The cost of the Miraah project is reported as USD 600 million for a power output of 1,021 MW thermal.  The area of the plant is 3.0 km^2 and 6,000 tons of steam will be produced per day.

The Miraah technology involves parabolic trough mirrors with one-axis tracking.  Steam will be generated directly.  The only unusual feature about the installation is that the parabolic troughs will be deployed inside 36 large glasshouses, which will be used to shelter the mirrors from harsh desert conditions.  That way, the mirrors, presumably the most expensive component of the installation, do not have to be as robust as otherwise.

What can we say about the cost of this heat collection system?  Here’s a back-of-the-envelope calculation …

Suppose the efficiency of heat collection is 65% and that peak insolation is 1 kWth/m^2.  Then the area of the mirrors is 1,021,000 kW/(1kW/m^2 * 0.65) = 1,570,769 m^2.  The cost of the project is USD 600 million, which equates to 600,000,000/1,570,769 = USD 382/m^2.

Another useful metric is the cost per GJ.  Using my normal methodology for calculating CAPEX plus OPEX (see any post entitled “cost of solar power” on this blog), I estimate USD 600 × 106 × (0.094+0.02)/ (5.9 × 106 GJ) = USD 11.6/GJ.  More expensive than natural gas, but maybe the Omani investors have a cheaper cost of capital than the 8% on which my estimate is based. 

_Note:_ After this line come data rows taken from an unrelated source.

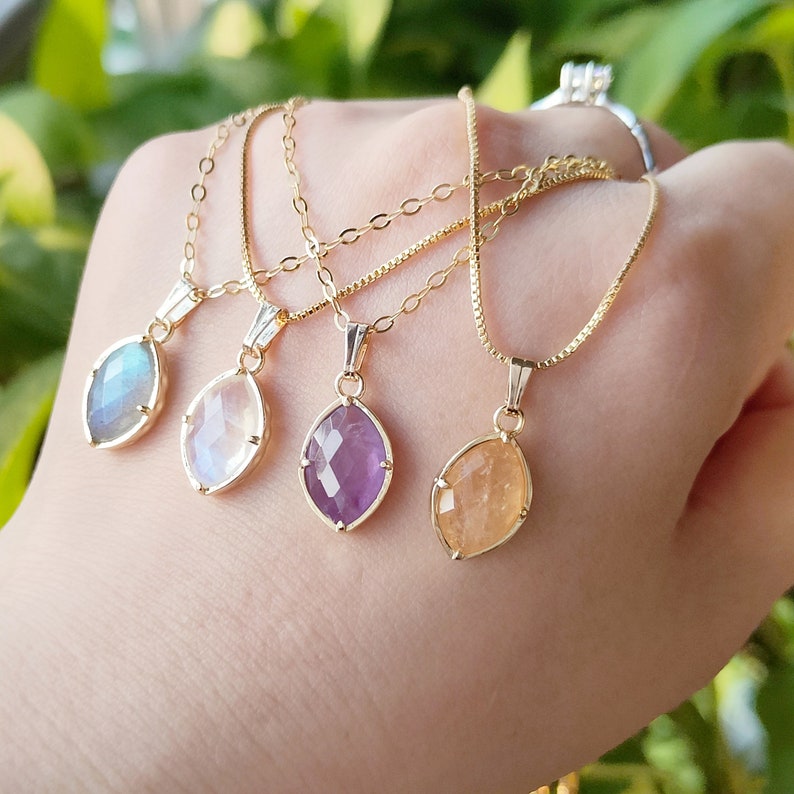 May include: Four gold necklaces with different colored gemstone pendants. The pendants are all in the shape of a teardrop and have a faceted design. The gemstones are a light blue, white, purple, and orange.
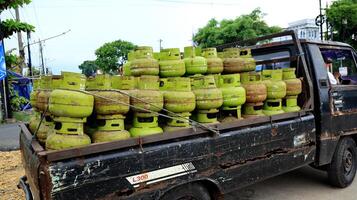 Stack of 3 kilo green gas cylinders, LPG photo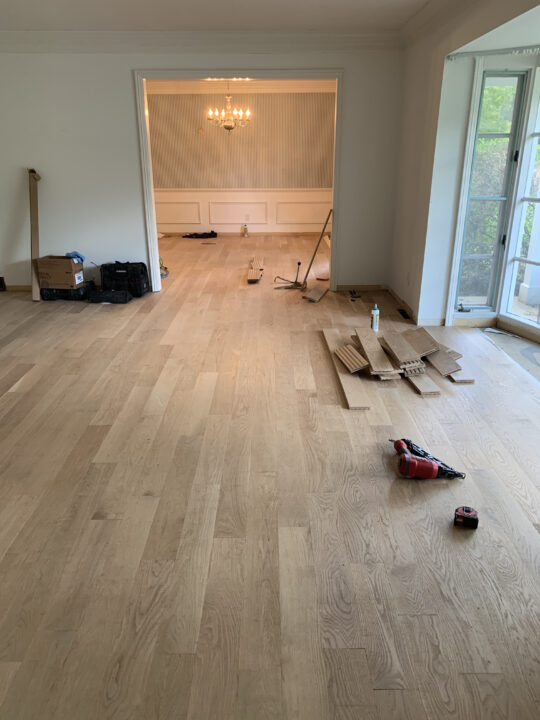Installing new floors and painting the living room for a fresh new look | Building Bluebird #orc #bhgorc #livingroommakeover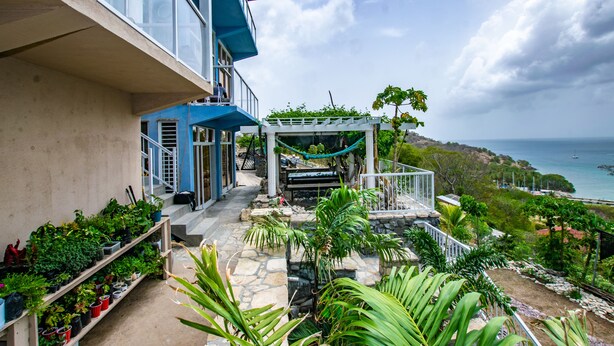 Un balcon avec vue sur la mer, des plantes en pot et un hamac.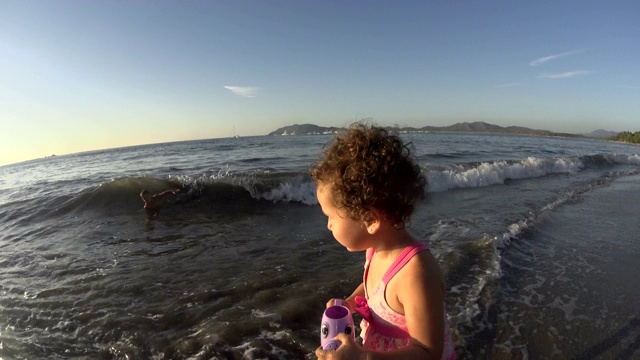 小女孩/孩子在沙滩上玩喷壶/玩具-大海，大海，夏天的时候视频下载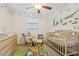 The Bedroom features whimsical decor, a crib, and a playful area rug at 1015 13Th Nw Ave, Largo, FL 33770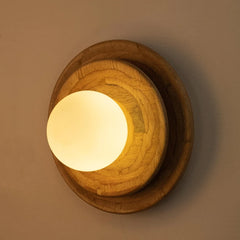 Wooden Tiered wall-mounted light fixture with a warm glow on a beige wall.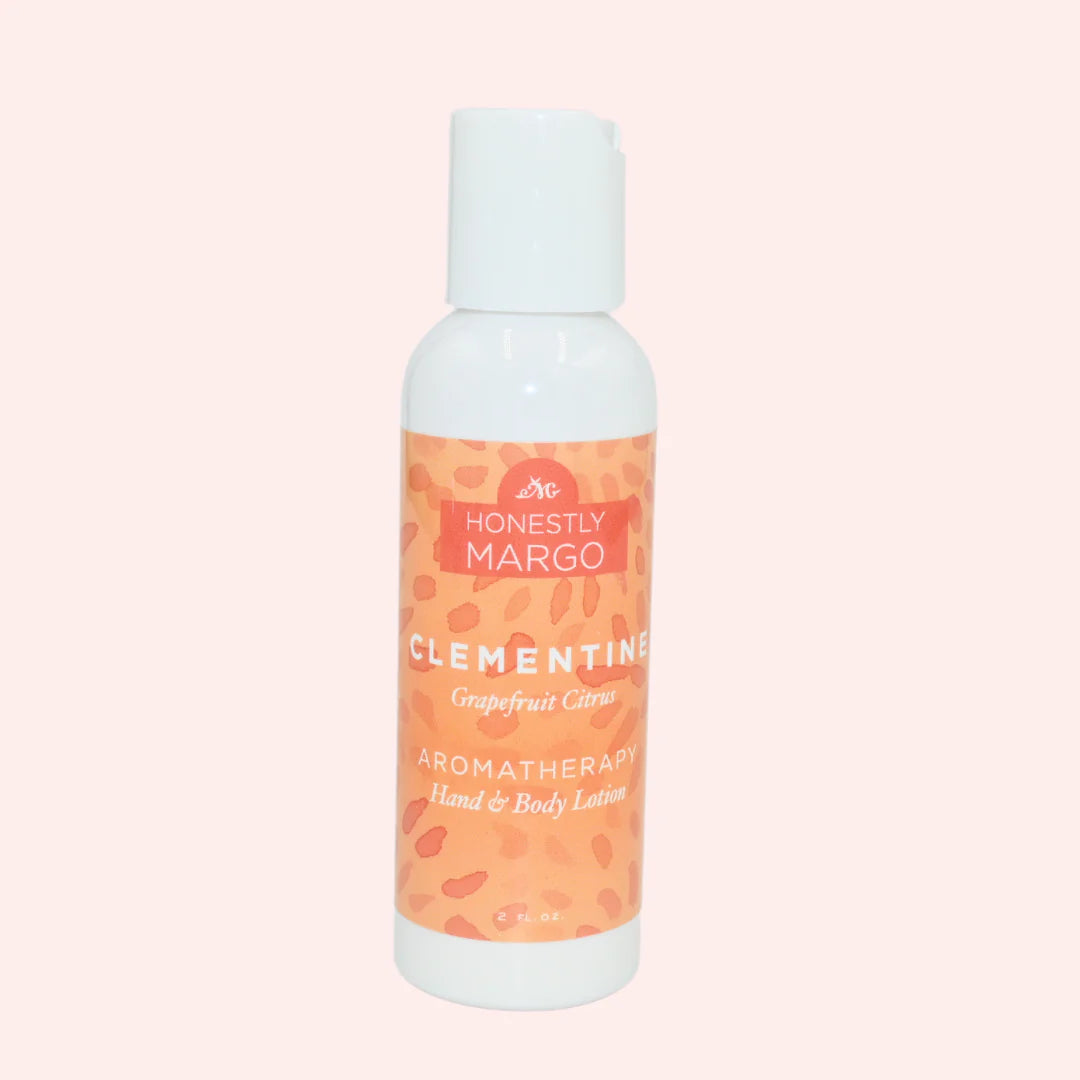 Honestly Margo Clementine Grapefruit Citrus aromatherapy hand and body lotion bottle on a light pink background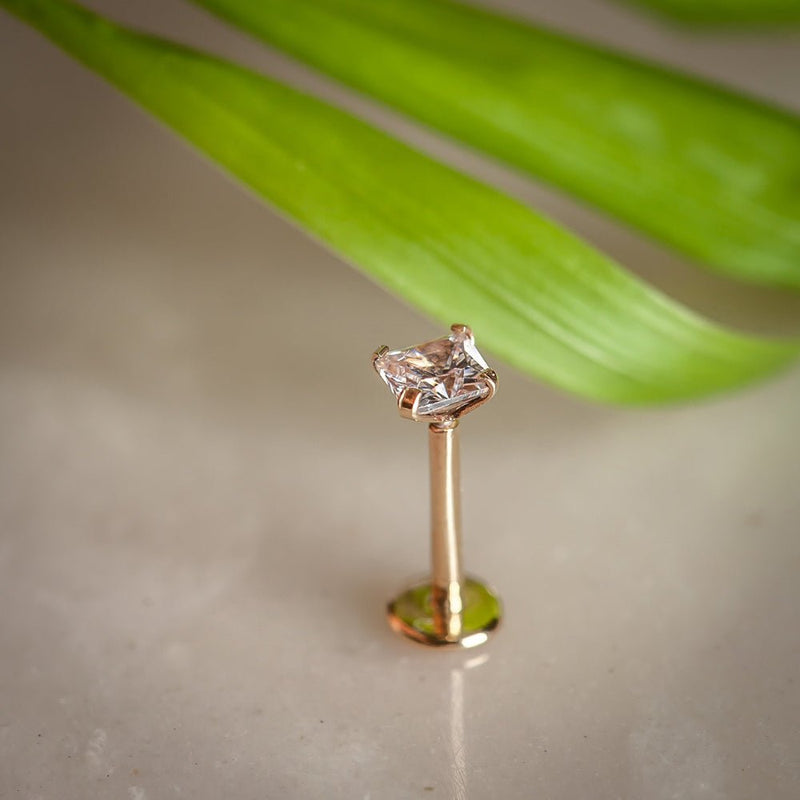 14K rose gold square CZ flat back labret standing upright with tropical leaf background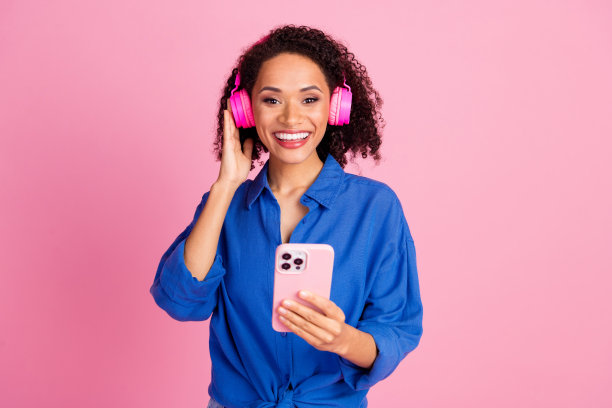 开朗可爱可爱的女人穿着时髦的衣服听音乐无线耳机孤立在粉红色的背景照片图片下载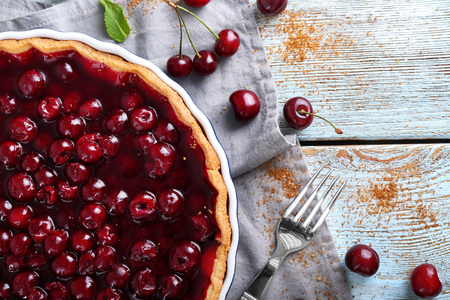 Tasty cherry pie on wooden tableの写真素材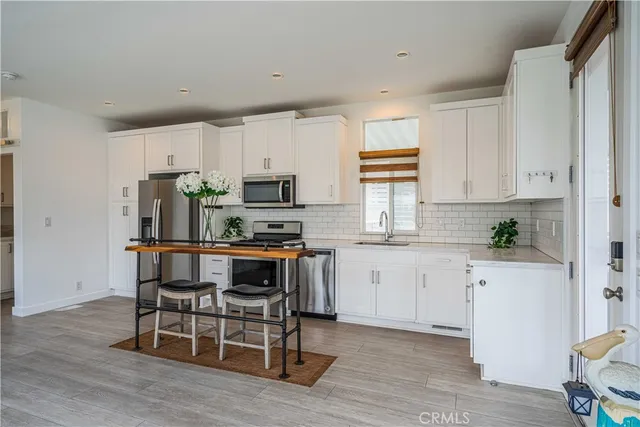 a kitchen with kitchen island granite countertop white cabinets and stainless steel appliances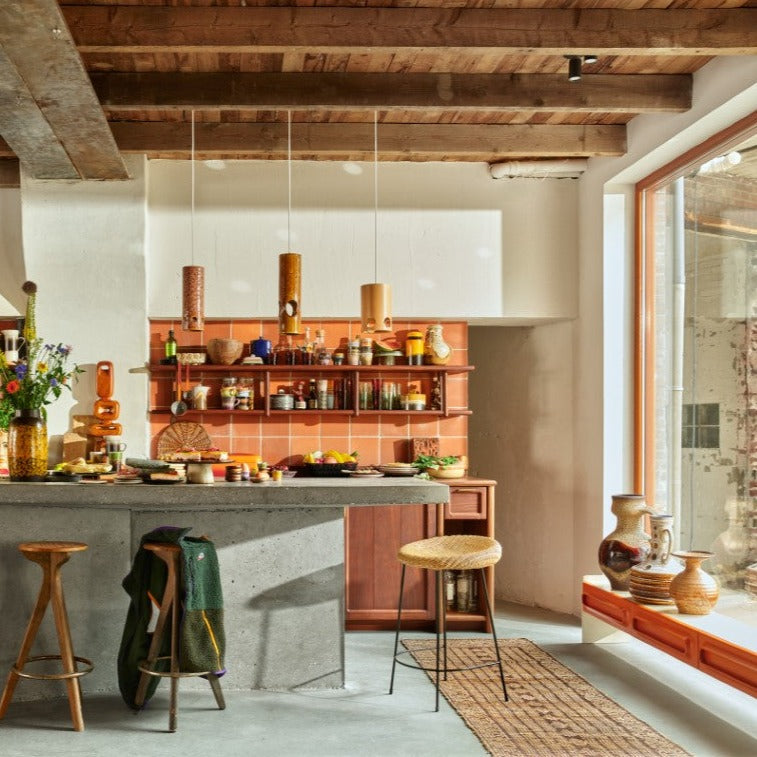 retro style kitchen with concrete kitchen island and wicker counter stool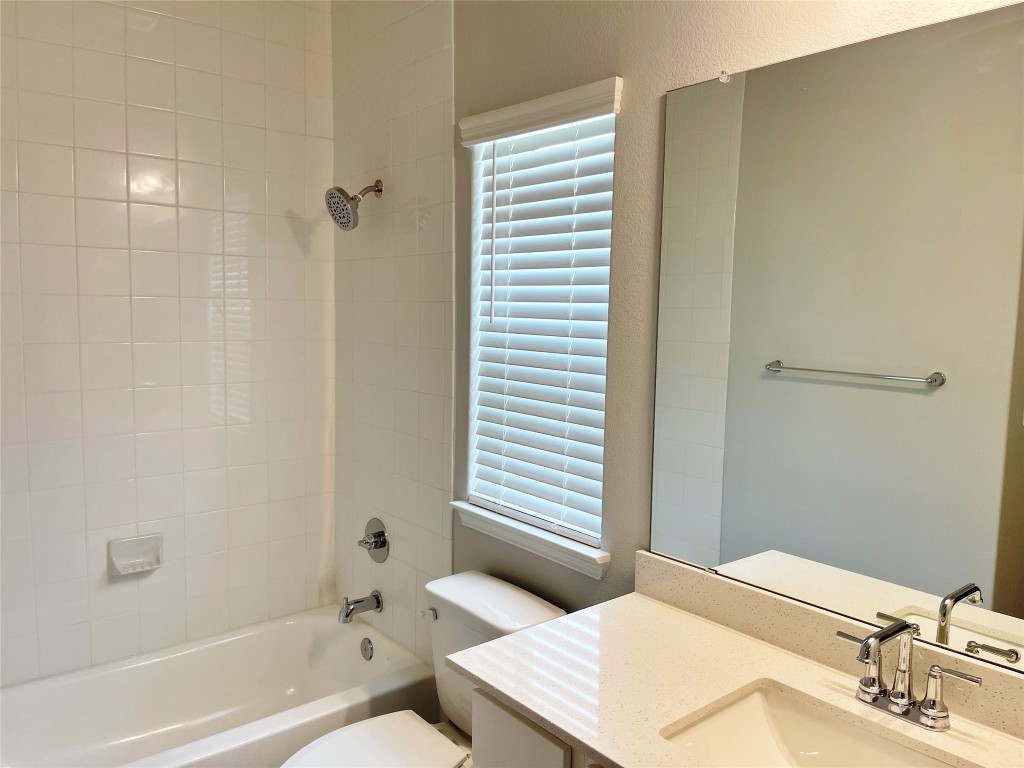 143 Delaware Lane Kyle, TX 78640 - Photo 16 of 30 a bathroom with a sink and a mirror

None of the press reports that I saw mention the collection temperature, but let's say they want an operating steam pressure of 20 bar (2.0 MPa), at which pressure the boiling point is 212°C.

This project is remote (800 km from the nearest town and 160 km from the Yemen border), so construction costs would not be the cheapest on the planet.  Still, at USD 382 per square metre, the cost of the plant does seem rather high.  I’ve heard lots of enthusiastic solar thermal proponents talking about costs of around USD 100 per square metre.

I’m left pondering the question – what is world-best cost (USD per square metre) for large-scale solar heating?